PROBLEM TO SOLVE:
Copy out the full data exactly as given; pictures should not be included.

DATASET SECTION:
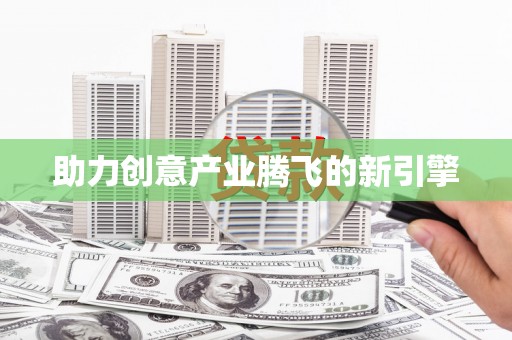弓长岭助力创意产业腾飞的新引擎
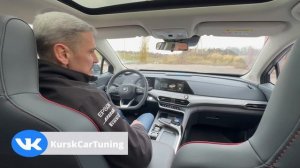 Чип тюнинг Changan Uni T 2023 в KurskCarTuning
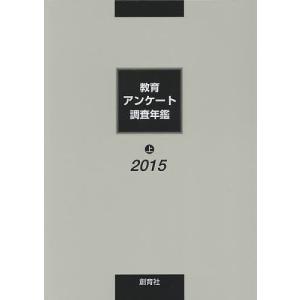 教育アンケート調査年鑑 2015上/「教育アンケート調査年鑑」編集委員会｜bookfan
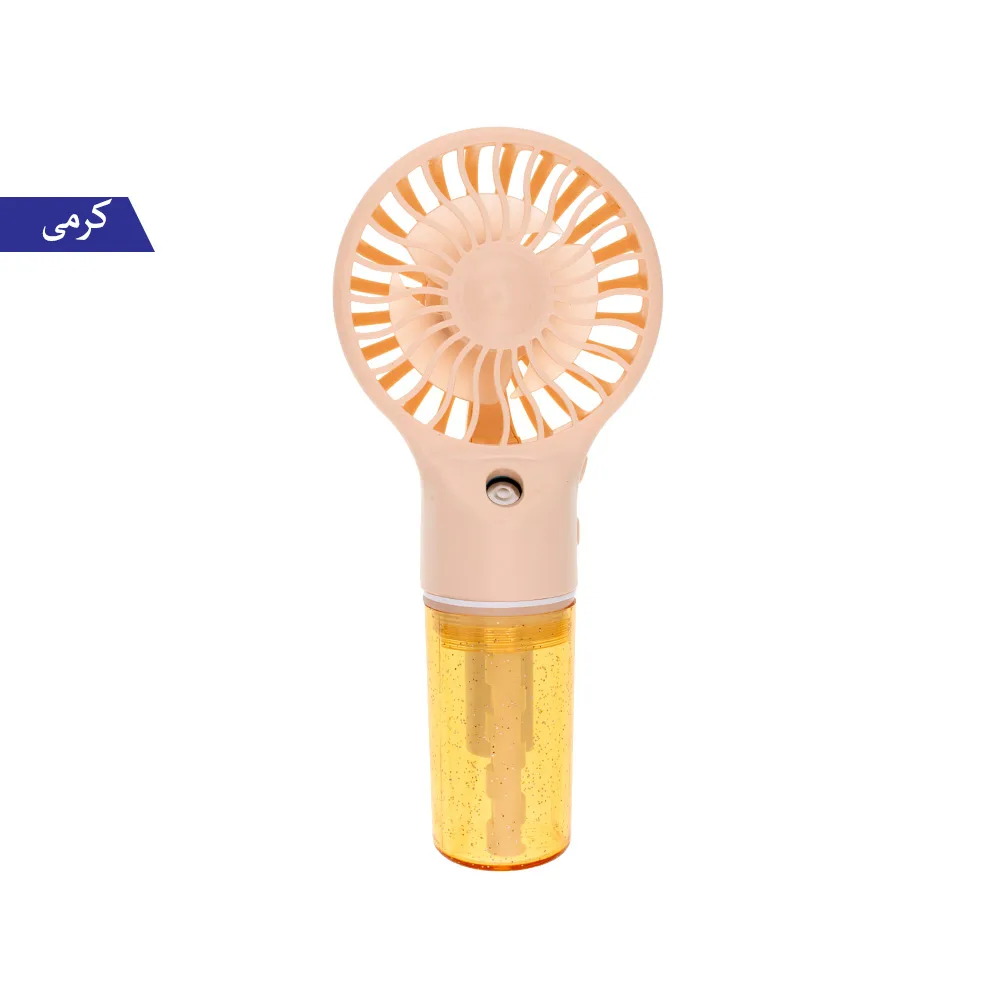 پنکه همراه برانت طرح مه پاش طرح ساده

ANSWER BOX:
弓长岭助力创意产业腾飞的新引擎
 Чип тюнинг Changan Uni T 2023 в KurskCarTuning
 教育アンケート調査年鑑 2015上/「教育アンケート調査年鑑」編集委員会｜bookfan
 پنکه همراه برانت طرح مه پاش طرح ساده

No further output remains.